Exercise input »
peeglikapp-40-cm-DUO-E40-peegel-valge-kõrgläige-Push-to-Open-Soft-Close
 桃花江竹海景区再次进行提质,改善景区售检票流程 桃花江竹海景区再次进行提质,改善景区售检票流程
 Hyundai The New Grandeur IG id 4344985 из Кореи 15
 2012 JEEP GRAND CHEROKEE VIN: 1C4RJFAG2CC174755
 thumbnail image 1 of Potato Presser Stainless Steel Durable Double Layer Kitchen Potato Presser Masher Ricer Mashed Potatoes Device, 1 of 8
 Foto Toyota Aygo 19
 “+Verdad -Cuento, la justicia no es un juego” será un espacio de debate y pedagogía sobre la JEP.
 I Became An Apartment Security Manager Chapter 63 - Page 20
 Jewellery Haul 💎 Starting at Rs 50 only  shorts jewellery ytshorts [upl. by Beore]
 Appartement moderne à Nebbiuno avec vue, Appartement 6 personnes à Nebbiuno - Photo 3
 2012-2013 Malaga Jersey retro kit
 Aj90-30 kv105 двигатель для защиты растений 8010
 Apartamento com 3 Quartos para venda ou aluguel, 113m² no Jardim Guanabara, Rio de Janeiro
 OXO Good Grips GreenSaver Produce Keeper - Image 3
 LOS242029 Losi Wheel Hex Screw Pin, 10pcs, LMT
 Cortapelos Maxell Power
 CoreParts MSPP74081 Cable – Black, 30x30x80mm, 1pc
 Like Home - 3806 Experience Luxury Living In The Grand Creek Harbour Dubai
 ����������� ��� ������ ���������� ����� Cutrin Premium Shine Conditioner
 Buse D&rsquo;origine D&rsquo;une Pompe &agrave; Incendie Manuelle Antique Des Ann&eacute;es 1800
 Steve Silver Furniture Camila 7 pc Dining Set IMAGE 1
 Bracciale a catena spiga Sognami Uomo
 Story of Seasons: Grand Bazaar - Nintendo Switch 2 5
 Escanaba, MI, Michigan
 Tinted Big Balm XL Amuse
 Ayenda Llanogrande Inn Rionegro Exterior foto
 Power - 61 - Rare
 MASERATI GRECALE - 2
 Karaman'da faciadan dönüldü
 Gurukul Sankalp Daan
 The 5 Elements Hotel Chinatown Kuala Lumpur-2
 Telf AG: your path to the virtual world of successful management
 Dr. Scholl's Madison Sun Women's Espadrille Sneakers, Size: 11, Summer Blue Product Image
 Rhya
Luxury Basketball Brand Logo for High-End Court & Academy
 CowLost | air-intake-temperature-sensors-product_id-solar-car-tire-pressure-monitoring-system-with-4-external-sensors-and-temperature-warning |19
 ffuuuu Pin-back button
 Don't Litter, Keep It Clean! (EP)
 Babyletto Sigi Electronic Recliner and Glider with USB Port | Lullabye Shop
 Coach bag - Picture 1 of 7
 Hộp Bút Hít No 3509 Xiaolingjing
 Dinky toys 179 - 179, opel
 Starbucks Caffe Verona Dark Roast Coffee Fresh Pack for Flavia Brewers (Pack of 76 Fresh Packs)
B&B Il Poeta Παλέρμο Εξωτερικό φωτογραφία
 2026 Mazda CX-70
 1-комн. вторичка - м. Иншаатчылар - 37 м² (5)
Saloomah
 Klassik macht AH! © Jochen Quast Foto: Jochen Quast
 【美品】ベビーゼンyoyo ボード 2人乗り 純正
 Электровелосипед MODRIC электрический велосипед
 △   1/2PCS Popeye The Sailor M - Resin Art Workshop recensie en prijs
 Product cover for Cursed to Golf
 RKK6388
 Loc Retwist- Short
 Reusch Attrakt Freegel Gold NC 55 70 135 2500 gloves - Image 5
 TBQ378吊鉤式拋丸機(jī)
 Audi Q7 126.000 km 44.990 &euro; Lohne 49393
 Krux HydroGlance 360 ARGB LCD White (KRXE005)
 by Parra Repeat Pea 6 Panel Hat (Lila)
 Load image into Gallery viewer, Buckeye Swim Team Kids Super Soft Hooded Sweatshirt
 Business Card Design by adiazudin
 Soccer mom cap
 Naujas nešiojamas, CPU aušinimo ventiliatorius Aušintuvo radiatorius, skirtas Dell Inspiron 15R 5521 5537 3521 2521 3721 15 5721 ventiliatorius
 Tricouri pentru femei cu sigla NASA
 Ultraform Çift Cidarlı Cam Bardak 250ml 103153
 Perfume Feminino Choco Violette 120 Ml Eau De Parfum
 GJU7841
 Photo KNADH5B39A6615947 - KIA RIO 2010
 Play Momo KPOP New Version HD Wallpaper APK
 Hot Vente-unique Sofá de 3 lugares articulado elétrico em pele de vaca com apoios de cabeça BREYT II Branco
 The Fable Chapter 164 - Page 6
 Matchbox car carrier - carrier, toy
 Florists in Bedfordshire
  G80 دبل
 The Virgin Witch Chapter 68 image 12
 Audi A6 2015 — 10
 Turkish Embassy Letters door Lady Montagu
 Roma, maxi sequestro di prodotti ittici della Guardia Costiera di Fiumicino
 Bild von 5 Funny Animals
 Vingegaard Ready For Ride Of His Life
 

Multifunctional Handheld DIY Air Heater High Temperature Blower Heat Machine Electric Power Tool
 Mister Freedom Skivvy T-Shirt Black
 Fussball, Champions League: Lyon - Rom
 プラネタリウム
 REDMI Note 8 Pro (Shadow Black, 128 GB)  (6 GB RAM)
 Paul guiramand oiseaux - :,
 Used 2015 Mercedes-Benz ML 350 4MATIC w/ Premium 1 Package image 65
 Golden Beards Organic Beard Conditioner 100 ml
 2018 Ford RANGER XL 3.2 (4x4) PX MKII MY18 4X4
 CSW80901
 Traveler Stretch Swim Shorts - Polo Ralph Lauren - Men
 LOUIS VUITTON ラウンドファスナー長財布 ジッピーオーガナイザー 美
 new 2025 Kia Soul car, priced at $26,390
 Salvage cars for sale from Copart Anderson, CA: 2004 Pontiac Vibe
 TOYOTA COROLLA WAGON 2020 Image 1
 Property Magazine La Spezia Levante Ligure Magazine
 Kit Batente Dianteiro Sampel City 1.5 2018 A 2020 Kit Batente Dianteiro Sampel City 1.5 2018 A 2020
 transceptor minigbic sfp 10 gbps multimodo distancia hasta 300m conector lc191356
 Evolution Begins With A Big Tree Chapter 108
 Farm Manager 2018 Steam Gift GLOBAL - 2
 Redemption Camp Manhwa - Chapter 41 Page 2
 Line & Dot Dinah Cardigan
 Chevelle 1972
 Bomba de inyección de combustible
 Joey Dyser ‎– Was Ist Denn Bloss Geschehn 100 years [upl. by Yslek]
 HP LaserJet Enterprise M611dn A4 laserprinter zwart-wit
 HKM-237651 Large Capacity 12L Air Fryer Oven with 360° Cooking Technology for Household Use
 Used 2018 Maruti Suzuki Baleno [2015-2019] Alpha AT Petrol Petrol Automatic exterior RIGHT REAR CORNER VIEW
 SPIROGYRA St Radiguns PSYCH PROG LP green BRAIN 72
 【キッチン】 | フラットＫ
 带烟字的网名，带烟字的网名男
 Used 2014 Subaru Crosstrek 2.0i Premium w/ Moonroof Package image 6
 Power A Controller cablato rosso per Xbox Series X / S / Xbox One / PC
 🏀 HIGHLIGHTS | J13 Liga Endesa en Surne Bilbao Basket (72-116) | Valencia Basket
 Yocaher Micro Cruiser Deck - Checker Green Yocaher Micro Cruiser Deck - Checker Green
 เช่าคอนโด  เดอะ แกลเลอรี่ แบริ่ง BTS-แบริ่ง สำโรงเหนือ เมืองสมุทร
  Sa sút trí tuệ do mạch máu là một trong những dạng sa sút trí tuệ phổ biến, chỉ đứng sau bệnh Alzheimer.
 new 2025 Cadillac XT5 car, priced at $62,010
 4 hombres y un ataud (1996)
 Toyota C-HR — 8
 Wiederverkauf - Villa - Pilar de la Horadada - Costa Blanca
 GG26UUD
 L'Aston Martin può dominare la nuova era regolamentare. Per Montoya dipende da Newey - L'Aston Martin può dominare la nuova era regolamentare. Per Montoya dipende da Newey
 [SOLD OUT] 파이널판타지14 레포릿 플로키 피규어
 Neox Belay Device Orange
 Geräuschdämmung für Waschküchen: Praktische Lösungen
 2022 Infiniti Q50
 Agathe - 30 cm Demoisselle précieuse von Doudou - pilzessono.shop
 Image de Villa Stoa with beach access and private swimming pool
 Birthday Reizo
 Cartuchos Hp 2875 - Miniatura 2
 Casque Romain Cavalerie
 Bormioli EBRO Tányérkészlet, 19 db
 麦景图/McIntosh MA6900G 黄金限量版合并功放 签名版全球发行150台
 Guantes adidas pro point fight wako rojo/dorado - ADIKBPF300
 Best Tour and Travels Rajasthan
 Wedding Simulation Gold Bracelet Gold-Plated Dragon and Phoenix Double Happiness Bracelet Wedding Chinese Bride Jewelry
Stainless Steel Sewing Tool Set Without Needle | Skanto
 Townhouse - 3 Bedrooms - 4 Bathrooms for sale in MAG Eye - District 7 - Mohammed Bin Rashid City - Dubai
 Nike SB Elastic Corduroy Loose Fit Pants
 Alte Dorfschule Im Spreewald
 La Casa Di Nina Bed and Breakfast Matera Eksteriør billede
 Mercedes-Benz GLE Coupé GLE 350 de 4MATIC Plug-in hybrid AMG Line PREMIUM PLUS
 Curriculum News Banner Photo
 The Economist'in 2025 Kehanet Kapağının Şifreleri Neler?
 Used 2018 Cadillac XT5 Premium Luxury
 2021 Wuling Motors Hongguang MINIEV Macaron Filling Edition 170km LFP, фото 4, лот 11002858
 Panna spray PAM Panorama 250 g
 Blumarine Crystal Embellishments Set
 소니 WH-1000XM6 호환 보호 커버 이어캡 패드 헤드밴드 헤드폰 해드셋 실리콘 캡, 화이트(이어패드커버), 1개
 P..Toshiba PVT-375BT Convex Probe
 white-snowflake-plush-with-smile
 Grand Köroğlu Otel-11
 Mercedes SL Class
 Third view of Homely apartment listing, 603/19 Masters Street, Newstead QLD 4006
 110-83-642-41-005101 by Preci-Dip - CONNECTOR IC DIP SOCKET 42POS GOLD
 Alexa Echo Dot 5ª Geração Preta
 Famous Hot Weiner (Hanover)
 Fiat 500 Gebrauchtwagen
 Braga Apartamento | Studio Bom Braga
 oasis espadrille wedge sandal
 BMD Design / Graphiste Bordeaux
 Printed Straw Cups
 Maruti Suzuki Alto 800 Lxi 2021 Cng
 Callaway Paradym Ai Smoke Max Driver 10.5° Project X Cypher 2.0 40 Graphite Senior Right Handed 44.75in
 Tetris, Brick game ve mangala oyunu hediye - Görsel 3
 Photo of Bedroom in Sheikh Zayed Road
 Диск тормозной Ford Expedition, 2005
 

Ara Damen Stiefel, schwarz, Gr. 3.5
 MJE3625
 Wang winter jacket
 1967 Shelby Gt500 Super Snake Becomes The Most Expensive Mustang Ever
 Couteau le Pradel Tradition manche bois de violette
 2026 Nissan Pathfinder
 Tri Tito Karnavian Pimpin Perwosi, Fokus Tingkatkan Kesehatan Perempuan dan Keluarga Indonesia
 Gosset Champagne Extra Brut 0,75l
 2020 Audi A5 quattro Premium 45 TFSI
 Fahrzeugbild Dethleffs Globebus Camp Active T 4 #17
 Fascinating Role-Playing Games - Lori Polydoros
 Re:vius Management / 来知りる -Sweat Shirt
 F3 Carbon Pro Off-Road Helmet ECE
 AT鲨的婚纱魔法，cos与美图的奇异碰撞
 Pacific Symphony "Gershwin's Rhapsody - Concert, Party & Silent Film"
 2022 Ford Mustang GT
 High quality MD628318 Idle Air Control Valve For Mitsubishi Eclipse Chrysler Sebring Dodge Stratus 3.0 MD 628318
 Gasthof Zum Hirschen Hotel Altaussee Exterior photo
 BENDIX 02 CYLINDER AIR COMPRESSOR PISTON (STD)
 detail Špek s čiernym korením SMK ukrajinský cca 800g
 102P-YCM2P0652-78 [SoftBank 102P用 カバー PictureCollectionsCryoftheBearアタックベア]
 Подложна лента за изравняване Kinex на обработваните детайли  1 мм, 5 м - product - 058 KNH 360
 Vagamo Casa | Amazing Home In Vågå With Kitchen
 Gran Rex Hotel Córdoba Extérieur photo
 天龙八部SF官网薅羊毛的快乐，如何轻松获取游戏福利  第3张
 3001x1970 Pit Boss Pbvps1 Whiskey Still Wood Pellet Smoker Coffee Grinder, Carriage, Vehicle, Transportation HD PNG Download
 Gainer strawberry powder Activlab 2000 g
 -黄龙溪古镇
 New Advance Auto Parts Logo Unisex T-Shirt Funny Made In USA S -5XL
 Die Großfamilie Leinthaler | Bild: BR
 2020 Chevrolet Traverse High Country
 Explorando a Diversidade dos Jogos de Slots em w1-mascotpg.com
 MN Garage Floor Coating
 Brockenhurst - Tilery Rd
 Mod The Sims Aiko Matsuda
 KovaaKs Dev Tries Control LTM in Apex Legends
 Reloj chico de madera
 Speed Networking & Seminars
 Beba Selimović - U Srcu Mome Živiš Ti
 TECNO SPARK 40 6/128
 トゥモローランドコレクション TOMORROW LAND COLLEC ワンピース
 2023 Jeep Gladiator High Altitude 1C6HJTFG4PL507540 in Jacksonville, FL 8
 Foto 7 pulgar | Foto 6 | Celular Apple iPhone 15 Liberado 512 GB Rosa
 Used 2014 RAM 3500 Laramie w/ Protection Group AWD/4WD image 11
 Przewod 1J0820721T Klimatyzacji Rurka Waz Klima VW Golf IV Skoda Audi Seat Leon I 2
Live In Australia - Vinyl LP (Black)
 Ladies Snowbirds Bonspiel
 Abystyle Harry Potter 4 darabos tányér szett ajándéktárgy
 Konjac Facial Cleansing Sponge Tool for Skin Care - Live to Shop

What to work on » The count alone is needed: how many lines of these entries contain the word "Black"?

Answer to this exercise » 4